United States legal doctrine

In United States constitutional law and criminal procedure, the good-faith exception (also good-faith doctrine) is one of the limitations on the exclusionary rule of the Fourth Amendment.

For criminal proceedings, the exclusionary rule prohibits entry of evidence obtained through an unreasonable search and seizure, such as one executed under an invalid search warrant. However, the good-faith exemption allows evidence collected by law enforcement officers pursuant to a defective search warrant if the officers reasonably relied on the validity of the warrant in good faith (bona fides).

== Background ==
In the 1914 case Weeks v. United States, the U.S. Supreme Court prohibited the admissibility of evidence obtained through unreasonable searches or seizures in federal criminal prosecutions, thereby establishing the exclusionary rule. In 1961, the Court, then led by Chief Justice Earl Warren, ruled in Mapp v. Ohio that the exclusionary rule also applies to state criminal prosecutions under the doctrine of incorporation. In Mapp, the majority gave three rationales for enforcing the exclusionary rule under the Constitution: protecting a defendant's Fourth Amendment rights, promoting judicial integrity, and deterring improper searches and seizures.
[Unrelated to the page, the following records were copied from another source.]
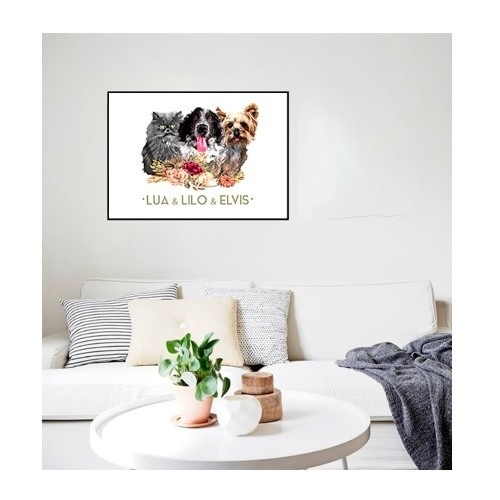 Mascochula Friends - Retrato Triplo Realista Personalizado do Seu Animal de Estimação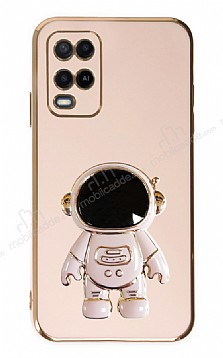 Eiroo Astronot Oppo A54 4G Standl Pembe Silikon Klf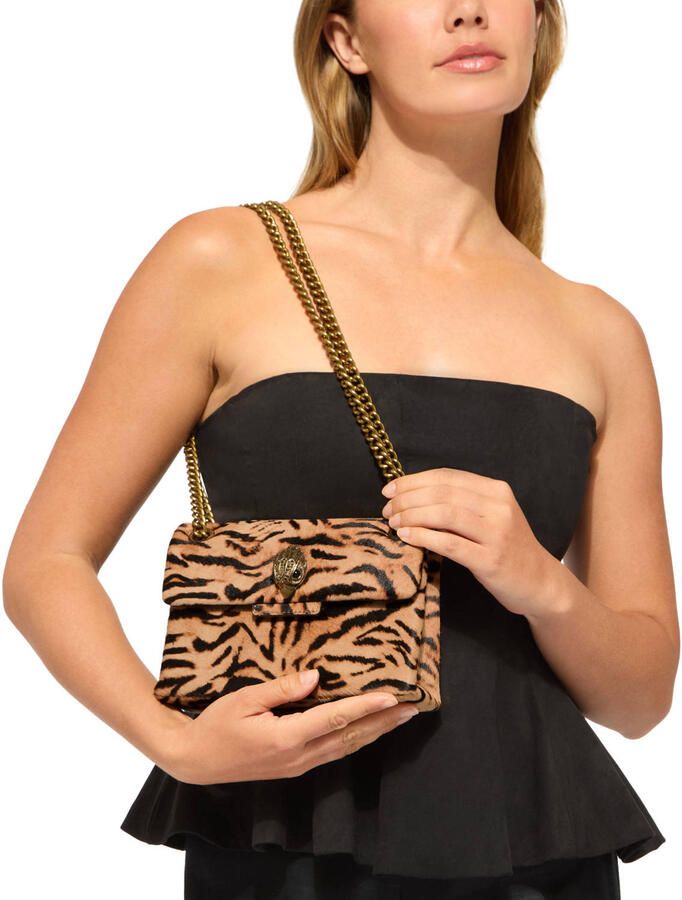 Kurt Geiger leren crossbody tas Kensington met panterprint bruin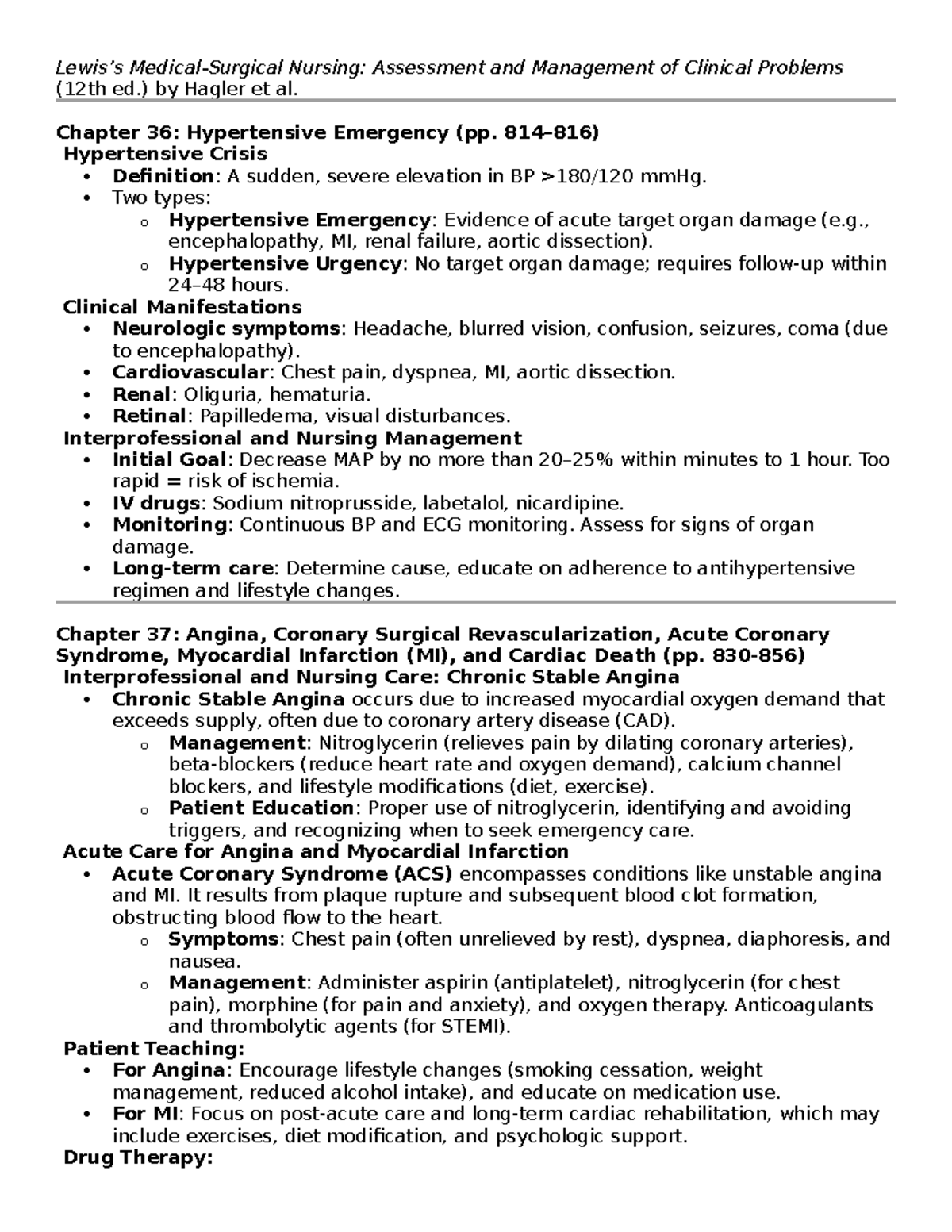 Final Study Guide: Overview of Clinical Concepts & Management in ...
However, the successor to Chief Justice Warren, Chief Justice Burger, was a vocal opponent of the exclusionary rule. In a series of cases, the Burger Court (1969–1986) effectively limited the applicability of the exclusionary rule to criminal trial processes.

== Jurisprudence of the Exception ==
In 1984, the Supreme Court established the good-faith exception to the exclusionary rule in United States v. Leon and its companion case Massachusetts v. Sheppard. The Court reasoned that excluding evidence obtained through the police's good-faith reliance on a warrant issued by a neutral magistrate or judge that is later found to be deficient does not serve to deter any misconduct on the part of the police, and therefore such evidence is admissible. Said reasonableness of the reliance is determined under an objective standard. Furthermore, the Leon majority enumerated specific instances where the exception would not apply:

- Where the warrant was issued based on an affidavit containing intentionally or recklessly false information
- Where the magistrate or judge who issued the warrant was not neutral and detached from the case
- Where the warrant was issued based on an affidavit so clearly lacking support for probable cause
- Where the warrant was so clearly deficient, such as with respect to the location to be searched or objects to be seized

In Illinois v. Krull (1987), the Court extended the good-faith exception where an officer reasonably relied on a statute authorizing warrantless searches that was later found to be unconstitutional, citing the same lack of deterrent effect as Leon. The dissent argued that the majority improperly conflated searches which are authorized by judicial action and those which are authorized through legislation.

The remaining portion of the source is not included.